### TASK INSTRUCTIONS
Print the lines of the listing below verbatim from its first line through the line bearing "Ferragamo equestrian print silk tie". Any pictures are to be omitted.
[DATA SECTION Boundary: Start]
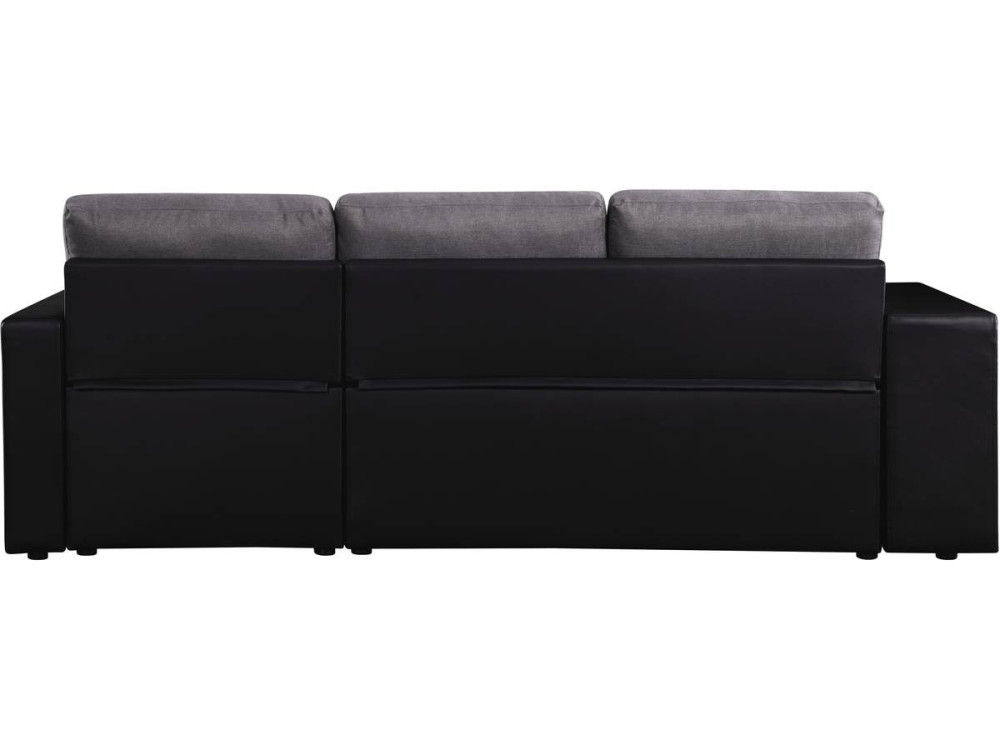 Divano ad angolo trasformabile / reversibile "Axel" - 3 posti - Nero / Grigio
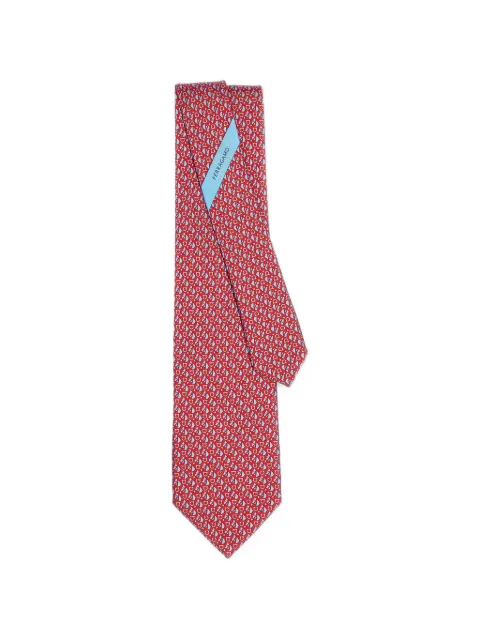 Ferragamo equestrian print silk tie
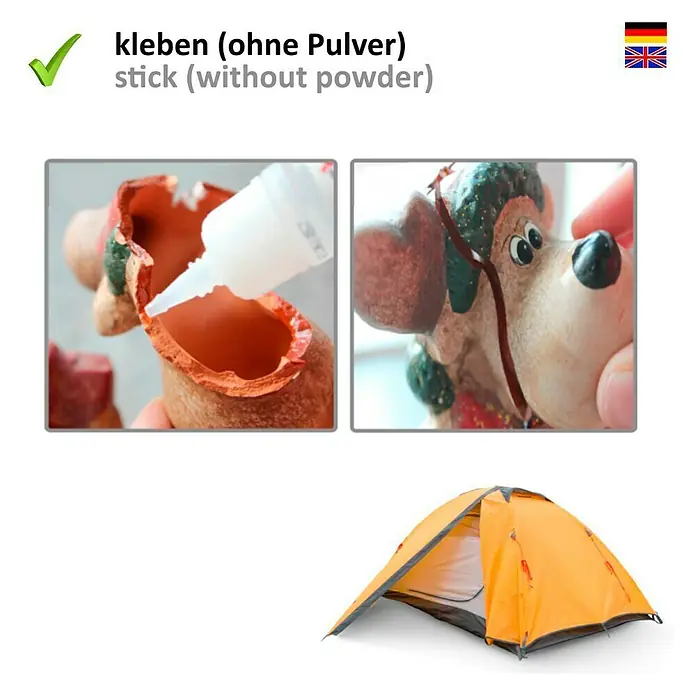 HG Power Glue Kleber-Set Klebstoff und Granulat - 15 g, 2 -tlg., Flasche - Das Bild zeigt, wie ein Keramik-Hund mit einem Klebestift ohne Pulver geklebt wird, um Schäden zu reparieren.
[DATA SECTION Boundary: End]
### TASK SOLUTION
 Divano ad angolo trasformabile / reversibile "Axel" - 3 posti - Nero / Grigio
 Ferragamo equestrian print silk tie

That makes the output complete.